About this exercise — Each line of the listing below that includes "Hoodie" must be copied.

Excerpted records —
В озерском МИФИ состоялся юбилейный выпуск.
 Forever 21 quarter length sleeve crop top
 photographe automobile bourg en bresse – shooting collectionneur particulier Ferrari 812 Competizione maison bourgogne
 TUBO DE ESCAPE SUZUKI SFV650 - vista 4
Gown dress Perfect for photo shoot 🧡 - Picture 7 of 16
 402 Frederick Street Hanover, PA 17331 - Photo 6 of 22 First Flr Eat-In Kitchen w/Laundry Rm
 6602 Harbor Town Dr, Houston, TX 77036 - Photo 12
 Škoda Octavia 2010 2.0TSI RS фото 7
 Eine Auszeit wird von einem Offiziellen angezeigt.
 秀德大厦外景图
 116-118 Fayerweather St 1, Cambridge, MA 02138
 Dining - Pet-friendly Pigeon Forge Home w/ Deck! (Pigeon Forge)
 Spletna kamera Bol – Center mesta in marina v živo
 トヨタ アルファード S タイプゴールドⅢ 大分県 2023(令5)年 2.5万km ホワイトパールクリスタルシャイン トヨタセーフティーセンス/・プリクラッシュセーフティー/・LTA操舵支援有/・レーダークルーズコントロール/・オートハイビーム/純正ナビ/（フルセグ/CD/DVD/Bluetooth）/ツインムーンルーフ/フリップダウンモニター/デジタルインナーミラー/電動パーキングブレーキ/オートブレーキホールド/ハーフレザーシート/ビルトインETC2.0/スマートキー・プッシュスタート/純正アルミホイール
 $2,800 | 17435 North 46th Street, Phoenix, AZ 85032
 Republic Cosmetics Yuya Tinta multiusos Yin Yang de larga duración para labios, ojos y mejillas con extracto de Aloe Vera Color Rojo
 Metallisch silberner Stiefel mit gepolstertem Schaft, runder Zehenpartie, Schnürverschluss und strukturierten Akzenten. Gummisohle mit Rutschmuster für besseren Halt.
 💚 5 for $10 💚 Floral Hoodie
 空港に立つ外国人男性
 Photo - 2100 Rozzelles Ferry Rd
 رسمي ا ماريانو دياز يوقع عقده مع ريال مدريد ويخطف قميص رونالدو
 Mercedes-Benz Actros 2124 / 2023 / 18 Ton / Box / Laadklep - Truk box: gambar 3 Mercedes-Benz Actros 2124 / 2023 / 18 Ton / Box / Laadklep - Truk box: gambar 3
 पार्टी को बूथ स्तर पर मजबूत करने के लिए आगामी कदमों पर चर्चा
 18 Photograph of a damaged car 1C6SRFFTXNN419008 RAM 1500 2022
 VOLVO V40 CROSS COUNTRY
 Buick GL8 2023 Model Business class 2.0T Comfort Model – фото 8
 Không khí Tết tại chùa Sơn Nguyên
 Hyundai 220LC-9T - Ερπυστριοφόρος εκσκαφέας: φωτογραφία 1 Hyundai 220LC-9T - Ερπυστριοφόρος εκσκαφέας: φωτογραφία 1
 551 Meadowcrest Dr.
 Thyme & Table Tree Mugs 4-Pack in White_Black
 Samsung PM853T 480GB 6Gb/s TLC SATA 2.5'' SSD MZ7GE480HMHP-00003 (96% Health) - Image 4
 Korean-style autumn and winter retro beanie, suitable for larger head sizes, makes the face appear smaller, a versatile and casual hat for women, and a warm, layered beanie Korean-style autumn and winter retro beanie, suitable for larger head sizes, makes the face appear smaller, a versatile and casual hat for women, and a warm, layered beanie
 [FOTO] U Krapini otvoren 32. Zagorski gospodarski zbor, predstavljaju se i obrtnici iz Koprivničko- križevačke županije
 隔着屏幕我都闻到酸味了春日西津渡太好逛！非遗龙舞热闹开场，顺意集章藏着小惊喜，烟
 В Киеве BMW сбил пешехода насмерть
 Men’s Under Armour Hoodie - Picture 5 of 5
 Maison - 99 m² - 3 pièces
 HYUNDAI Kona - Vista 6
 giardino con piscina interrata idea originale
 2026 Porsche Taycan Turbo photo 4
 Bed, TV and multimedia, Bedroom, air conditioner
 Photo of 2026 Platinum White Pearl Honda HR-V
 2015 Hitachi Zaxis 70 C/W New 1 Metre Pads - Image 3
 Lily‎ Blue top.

Task output —
 💚 5 for $10 💚 Floral Hoodie
 Men’s Under Armour Hoodie - Picture 5 of 5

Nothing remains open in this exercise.